How is science empowered in different countries? What are the actors and conflicts in different countries? Why is it that more democratic countries seem to adopt the Kyoto protocol earlier than others? The social sciences have a real role to play in answering these questions which will be discussed in the upcoming IHDP Open Meeting in Bonn by researchers affiliated to the COMPON project.

The COMPON project, Comparing Climate Change Policy Networks, is a network of social scientists developing cross-national surveys to explain why some countries adopt IPCC recommendations quicker than others. COMPON, started by US sociologist Jeffrey Broadbent and now includes studies in Japan, China, the United States, Canada, Germany, the Netherlands, Austria, Sweden, England, and Greece.

The aim is to trace the flow of cognitive models (“facts,” frames, ideas and normative evaluations) concerning climate change between the global and national levels, and within the national levels in the policy-formation process… [The] policy network method includes the full range of organizations involved in climate change politics (government agencies, political parties, business, union, NGO and movement associations).

One of the researchers involved is German sociologist Philip Leifeld who has an interesting piece on is homepage that more democratic countries are faster at ratifying the Kyoto protocol.

The rate of adopting the Kyoto protocol in different countries

[Red shows democratic countries; Black undemocratic – countries are classified using different indices – not HDI doesn’t show a clear difference]
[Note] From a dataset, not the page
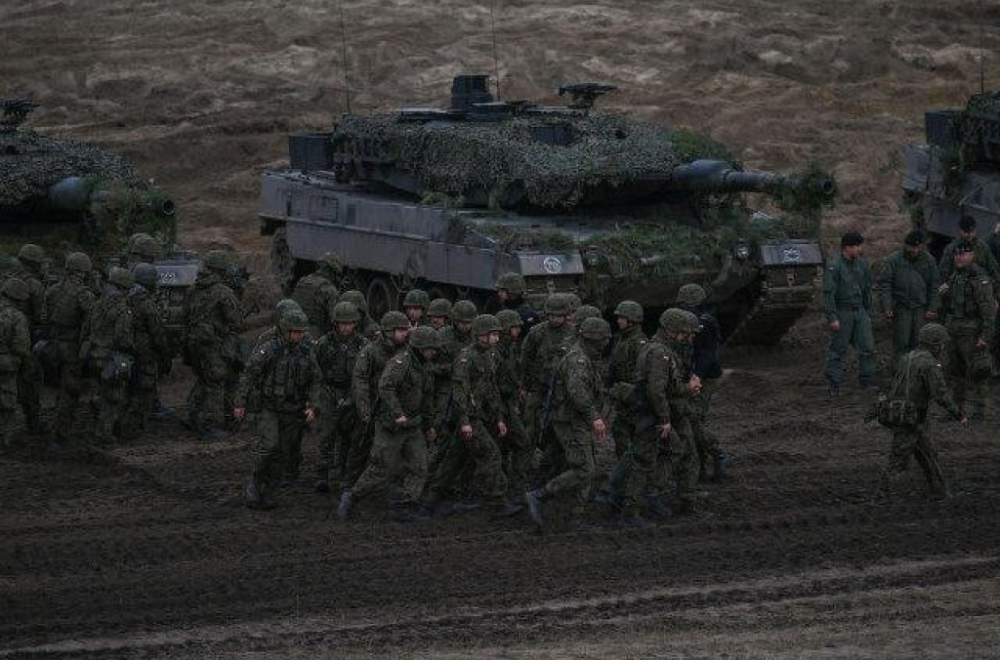 Ulaze u rat? Vojnici već raspoređeni, čekaju znak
The trend is followed for other similar international agreements like the Montreal protocol and the Cartagena protocol on biosafety. Philip discusses why we see these patterns:

Why do we find this impressively consistent pattern? Why do democratic countries ratify the protocols faster than the others? We find four theories about this in the literature:

1. Corruption: In countries with high levels of corruption, industry lobbying can more easily assert national policies against climate protection or similar “threats”.
2. Accountability: Democratic countries have a better capacity to foresee upcoming long-term risks because science, policy-makers and the media engage in an open, public discourse.
3. Collective goods and public choice: Climate protection is a collective good, and countries have an incentive to be freeriders regarding international agreements. But only autocratic countries can afford to do so because they do not have to face punishment by the voters.
4. Capacity: Non-democratic countries usually have a lower level of development, less money and more other competing problems, so they assign a low priority to climate protection.

Which theory is now valid, and which one is wrong? The answer is: We don’t know. The problem is that democracy, corruption control, development, freedom of speech and assembly, wealth, etc. are highly collinear, so it is not possible to separate the effects. This is rather a theoretical than a methodological problem. The plots in figure 4 exhibit the problem: Corruption, development and democracy can all be predicted by gross domestic product per capita.

There are only some small clues that may provide preliminary answers: If we try to assess whether corruption or democracy are responsible for ratification pace, it may be a good idea to look at countries that are democratic but also corrupt or countries that are neither corrupt nor democratic. The only strong outlier in this sense is Singapore, which scores low on most democracy scores and also low on the corruption index. Singapore ratifies the Montreal protocol very early but is an extreme laggard in the cases of Kyoto and Cartagena, so it does not provide us with a satisfactory answer. The second clue may be the difference between the two climate protocols, Kyoto and Montreal, and the biosafety protocol, Cartagena. On the one hand, the difference in pace between democratic and non-democratic countries is much less extreme for the Cartagena protocol, and biosafety is indeed much less important for the industry than pollution control, so this may be a case for the corruption theory. On the other hand, the difference is still there, and it is consistent over all indices, so this suggests that a combination of several explanations is at work. Which one is the most important can unfortunately not be determined at the moment.